= Francis Vernon =

English traveller and author

Francis Vernon (c. 1637 – 1677) was an English traveller and writer. Serving as secretary to the Paris embassy, Vernon became a key link between French and English scholars, copying important works for the Royal Society. He was considered frivolous, sharing court gossip and cultural news. His final journey from Venice to Safavid Persia ended in his murder in 1677 after rediscovering Delphi's location.

==Early life==
Born about 1637, near Charing Cross, he was the son of Francis Vernon of London and brother of James Vernon. He was admitted in 1649 to Westminster School. He matriculated on 10 November 1654 at Christ Church, Oxford. He graduated B.A. on 28 January 1658, and M.A. on 17 July 1660.

Vernon began to travel before he had taken his master's degree. During one of his voyages, he was taken by pirates and sold. After his release, he seems to have returned to Oxford. In 1668, he was chosen because of his experience to accompany Charles Howard, 1st Earl of Carlisle, ambassador-extraordinary to Sweden, and the king wrote to Christ Church requesting a leave of absence for him.

==In Paris==
Vernon was next appointed to go with Ralph Montagu to Paris as secretary to the embassy. His letters fell below the required standard, but he remained there till the end of 1671. He was, in fact, considered frivolous for filling correspondence with court and city gossip. He reported, for example, the first performances of plays by Jean Racine and Pierre Corneille in 1670 (the rival Bérénice and Tite et Bérénice).

During this time, Vernon became a point of contact between the scholars of France and England. In 1670, Christiaan Huygens, seriously ill, chose Vernon to carry out a donation of his papers to the Royal Society in London, should he die. Jean-Baptiste Colbert controlled the French Academy of Sciences closely; in particular, the circulation of publications of its academicians. Vernon copied the Mésure de la terre of Jean Picard for the Royal Society, which therefore saw it in 1671, while Colbert communicated it officially in 1676.

Among Vernon's other correspondents was Edward Pococke, copies of whose son's Latin version of Ibn-al-Tifail he presented to the Sorbonne and to Christiaan Huyghens. Another correspondent was John Collins, for whom Vernon obtained books through Jean Berthet, including works by René Descartes and Blaise Pascal. He also sent James Gregory a copy of Fermat's Diophantus. Vernon's services were recognised by his election to the Royal Society on his return to England in 1672, his proposer being Henry Oldenburg.

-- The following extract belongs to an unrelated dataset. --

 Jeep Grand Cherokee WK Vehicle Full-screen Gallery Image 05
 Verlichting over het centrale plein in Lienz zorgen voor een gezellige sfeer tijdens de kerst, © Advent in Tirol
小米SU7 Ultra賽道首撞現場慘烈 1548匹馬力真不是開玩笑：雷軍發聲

==Final voyage and death==
Vernon's final journey was from Venice, through Dalmatia, Greece and the islands to Persia. This expedition led in particular to the rediscovery of the location of Delphi, which was, at that time, unknown in western Europe.

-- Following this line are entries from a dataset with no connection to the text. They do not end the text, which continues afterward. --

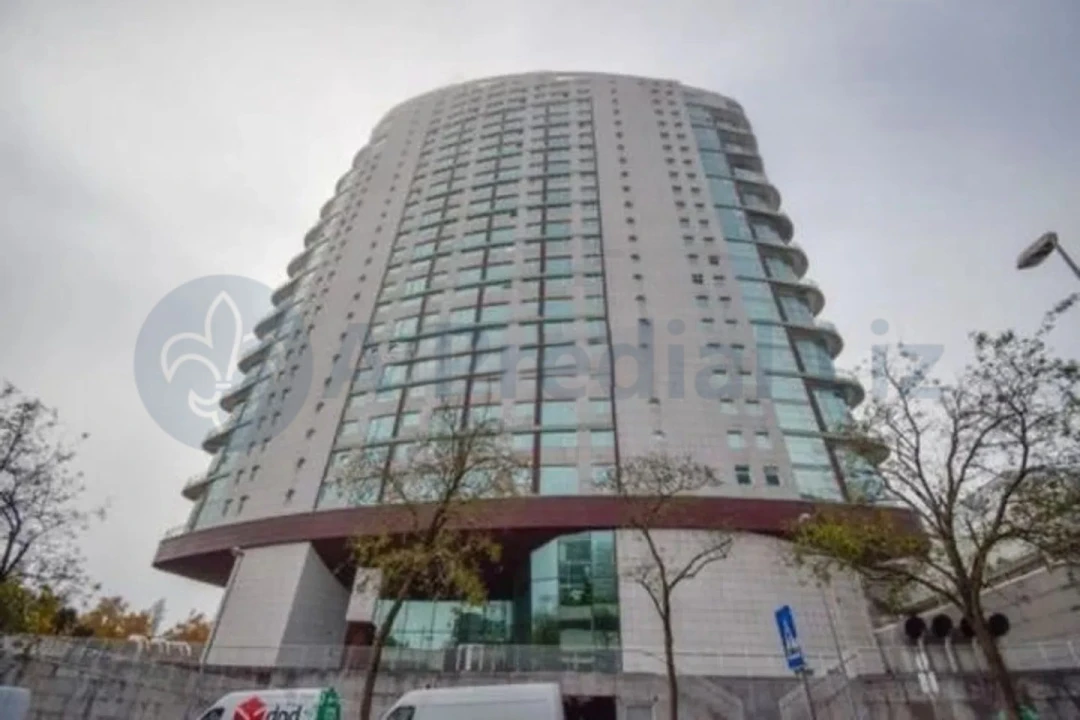 Apartamento T3 para Venda em Parque das Nações Foto 9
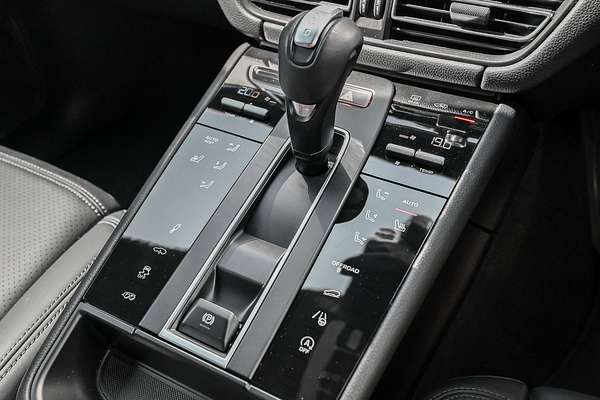 2023 Porsche Macan S 95B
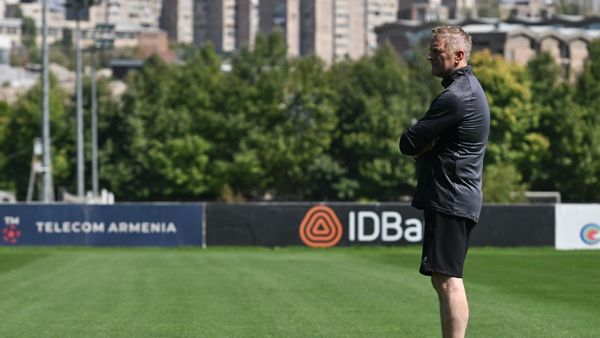 Главный тренер Хеймир Халгримссон на предматчевой тренировке сборной Ирландии в техническом центре ФФА (8 сентября 2025). Еревaн - Sputnik Армения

Vernon set off with George Wheler, Jacob Spon and Sir Giles Eastcourt on 20 June 1675. They were on the galley of the bailo (Giovanni Morosini, appointed that year). At Corfu, they were taken for spies, a recurring problem. The party broke up at Zante. All four, as well as Bernard Randolph, whom Vernon encountered later, left written records of these travels. An account of Athens, Athènes Ancienne et nouvelle, had appeared that year, written by George Guillet, who called himself Guillet de St Georges. It claimed to be based on first-hand experience but was in fact collated from published sources. Spon had seen a recent account by the Jesuit Jacques Babin and wanted to compare Guillet's book with the facts on the ground.

Vernon in fact anticipated Spon in checking Guillet's book. He landed in central Greece in August 1675, through Domvrena. He travelled to Athens, and set up to tour the Peloponnese on 2 September with Eastcourt as companion. Via Mistra and Kalamata, they turned north to Patras. At Naupaktos, Eastcourt fell ill, and he died at Vitrinitza. Via Salona, Delphi and Thebes, Vernon returned to Athens on 3 October.

Arriving alone in Persia, in the spring of 1677, Vernon was in a quarrel over a penknife and was murdered. He was buried at Ispahan two days afterwards. News of his fate was transmitted by Robert Huntington in Aleppo.

==Works==
Vernon's Journal, which was begun at Spalatro (Split) and finished at Isfahan, was found among the papers of Robert Hooke. It contains notes and many inscriptions. A letter to Oldenburg, dated 10 January 1675, was printed in the Philosophical Transactions of 1676 as Observations made during Travels from Venice through Dalmatia … to Smyrna. It was translated into French by Jacob Spon, who incorporated it in his Réponses à la Critique publiée par M. Guillet, 1679. It contained the first description of Athens by an English visitor. In particular Vernon reported on the Parthenon, some years before the damage caused by Francesco Morosini's bombardment. Combined with notes of Jacques Carrey, the observations of Vernon were used by William Bell Dinsmoor in his Parthenon reconstruction, in relation to the south frieze.

A Latin poem entitled Oxonium Poema, published in 1667, under the initials "F. V. ex æde Christi", has been identified as by Vernon. It is a description of Oxford and its environs.